● What needs to be done: For this exercise, please return exactly the line containing "Jaffna: Night Bazaar" and each line after it through the end of the records, with no pictures included.
....
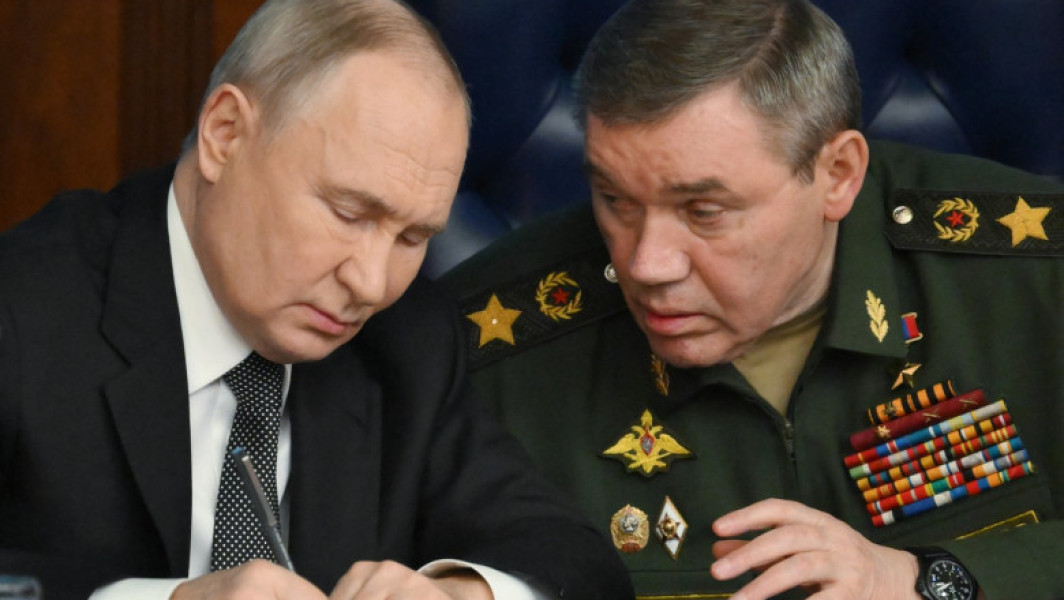 Discursul lui Putin despre înrolarea voluntarilor și situația din Ucraina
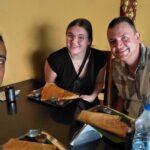 Jaffna: Night Bazaar and Street Food Bike Tour - Practical Details and Tips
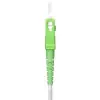 Cable de Fibra Óptica G657A2 3.0 9/125 SMF Aisens A152-0617/ LSZH/ 100m/ Blanco Cable de Fibra Óptica G657A2 3.0 9/125 SMF Aisens A152-0617/ LSZH/ 100m/ Blanco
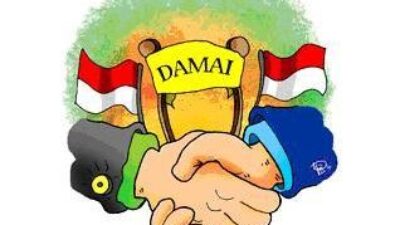 Doa Bersama MUI, Forkopimda, dan Ojol di Garut: Seruan Damai di Tengah Gejolak Bangsa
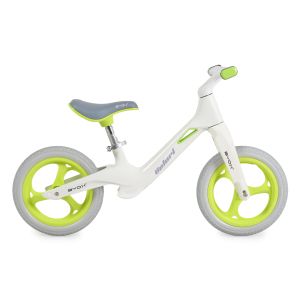 BYOX Баланс велосипед Velori Green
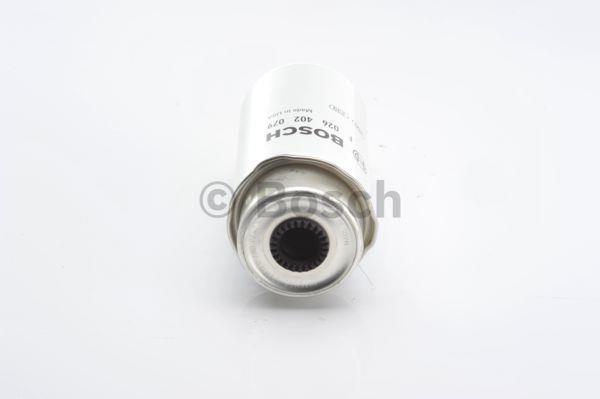 Bosch Fuel filter – price [object Object] PLN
....
● Written solution:
 Jaffna: Night Bazaar and Street Food Bike Tour - Practical Details and Tips
 Cable de Fibra Óptica G657A2 3.0 9/125 SMF Aisens A152-0617/ LSZH/ 100m/ Blanco Cable de Fibra Óptica G657A2 3.0 9/125 SMF Aisens A152-0617/ LSZH/ 100m/ Blanco
 Doa Bersama MUI, Forkopimda, dan Ojol di Garut: Seruan Damai di Tengah Gejolak Bangsa
 BYOX Баланс велосипед Velori Green
 Bosch Fuel filter – price [object Object] PLN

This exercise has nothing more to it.